You can read the rest of the article here where Franck uses the example of how Goldman Sachs (GS) and Procter & Gamble (PG) sold off despite better-than-expected results this week.

Nothing new to me, I told you last Friday, the market doesn't care about great earnings, it's looking way beyond this earnings season.



It's Friday, it's been another crazy week on Wall Street, there's a lot to cover today so let me get to the point and tell you what I think is spooking markets.

It's the bond market, stupid!: The backup in US long bond yields is what is making everyone so nervous. In particular, every time the 10-year Treasury yield gets close to the all-important 3% level, stocks get slammed hard (click on image):


It's all about oil, stupid!: You might be wondering why are US long bond yields rising, and here too I have an answer, it's mostly due to higher oil prices (click on image):


Higher oil prices have fuelled US inflation expectations higher and that is what is causing the recent sell-off in US long bonds (TLT) (click on images):



Now, I still maintain every time the 10-year Treasury yield approaches 3%, you should be buying US long bonds (TLT).

The rise in oil prices has also helped lift energy shares (XLE), which is something I covered in my blog comment on Monday going over whether it's time to invest in energy.

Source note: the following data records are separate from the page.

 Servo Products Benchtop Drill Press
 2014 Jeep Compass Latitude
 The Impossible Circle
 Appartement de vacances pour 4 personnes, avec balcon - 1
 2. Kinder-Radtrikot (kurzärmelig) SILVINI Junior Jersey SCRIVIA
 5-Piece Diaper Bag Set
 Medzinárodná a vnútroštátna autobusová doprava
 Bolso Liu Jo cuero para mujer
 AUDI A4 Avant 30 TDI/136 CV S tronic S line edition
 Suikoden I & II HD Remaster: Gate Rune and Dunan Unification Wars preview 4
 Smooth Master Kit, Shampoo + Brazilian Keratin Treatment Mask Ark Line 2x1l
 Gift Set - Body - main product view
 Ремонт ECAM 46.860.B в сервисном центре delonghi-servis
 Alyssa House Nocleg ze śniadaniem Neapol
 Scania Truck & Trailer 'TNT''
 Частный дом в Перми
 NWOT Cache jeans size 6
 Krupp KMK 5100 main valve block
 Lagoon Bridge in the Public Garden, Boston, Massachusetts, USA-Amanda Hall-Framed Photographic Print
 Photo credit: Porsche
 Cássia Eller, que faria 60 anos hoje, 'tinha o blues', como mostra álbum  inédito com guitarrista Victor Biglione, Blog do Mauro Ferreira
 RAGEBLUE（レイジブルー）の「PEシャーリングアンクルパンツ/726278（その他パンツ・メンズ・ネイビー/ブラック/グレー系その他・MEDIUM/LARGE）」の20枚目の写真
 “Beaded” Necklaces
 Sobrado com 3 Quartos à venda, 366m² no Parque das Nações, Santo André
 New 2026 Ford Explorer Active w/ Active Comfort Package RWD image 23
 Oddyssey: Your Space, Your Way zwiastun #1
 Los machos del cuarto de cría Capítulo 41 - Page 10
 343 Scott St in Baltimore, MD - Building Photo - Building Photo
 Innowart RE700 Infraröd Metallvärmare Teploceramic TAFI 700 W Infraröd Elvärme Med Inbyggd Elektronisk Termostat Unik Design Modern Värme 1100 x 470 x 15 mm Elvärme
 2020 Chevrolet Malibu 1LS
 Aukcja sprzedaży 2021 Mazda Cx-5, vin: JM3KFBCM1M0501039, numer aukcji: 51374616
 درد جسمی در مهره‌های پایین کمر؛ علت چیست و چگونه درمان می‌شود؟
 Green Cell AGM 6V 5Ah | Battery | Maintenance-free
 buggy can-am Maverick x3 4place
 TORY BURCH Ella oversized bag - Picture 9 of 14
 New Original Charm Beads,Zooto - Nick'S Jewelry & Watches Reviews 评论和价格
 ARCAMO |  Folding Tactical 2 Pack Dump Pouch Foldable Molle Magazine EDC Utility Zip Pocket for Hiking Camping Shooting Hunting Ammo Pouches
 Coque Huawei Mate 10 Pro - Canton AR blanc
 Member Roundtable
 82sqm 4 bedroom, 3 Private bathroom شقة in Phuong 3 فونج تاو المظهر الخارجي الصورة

Admittedly, I've been underweight energy since the beginning of the year and totally missed the latest monster rally in energy, but I remain cautious which is why I have a hard time jumping on energy shares here (I basically think it's a powerful countertrend rally, not sustainable).

My friend Martin Roberge, analyst at Cannacord Genuity, has a different opinion, sending out a note earlier today explaining why he thinks a sector rotation into energy is underway:
The S&P 500 (~0.5%) and S&P/TSX (~1%) are both up this week fueled by strong earnings and commodity prices. Thomson Reuters’ blended S&P 500 earnings growth estimates reached 20% YoY in Q1/18 this week. Even when excluding energy (+69.9%), earnings growth estimates (18.3%) stand above levels reached in recent years. Thus, so far, positive EPS surprises outweigh fears related to trade tensions, geopolitics and rising bond yields. Regarding commodities, crude oil is up ~1% (more below) while copper advanced ~2%, supporting resource stocks this week. Importantly, a sector rotation seems underway considering that energy and materials are markedly outperforming the market since March lows. Undoubtedly, cracks in the tech space and in financials are helping this rotation. Otherwise, the CDN$ gave up early gains and is now down ~1% following the BoC statement where the central bank said it remains “cautious” about future rate hikes.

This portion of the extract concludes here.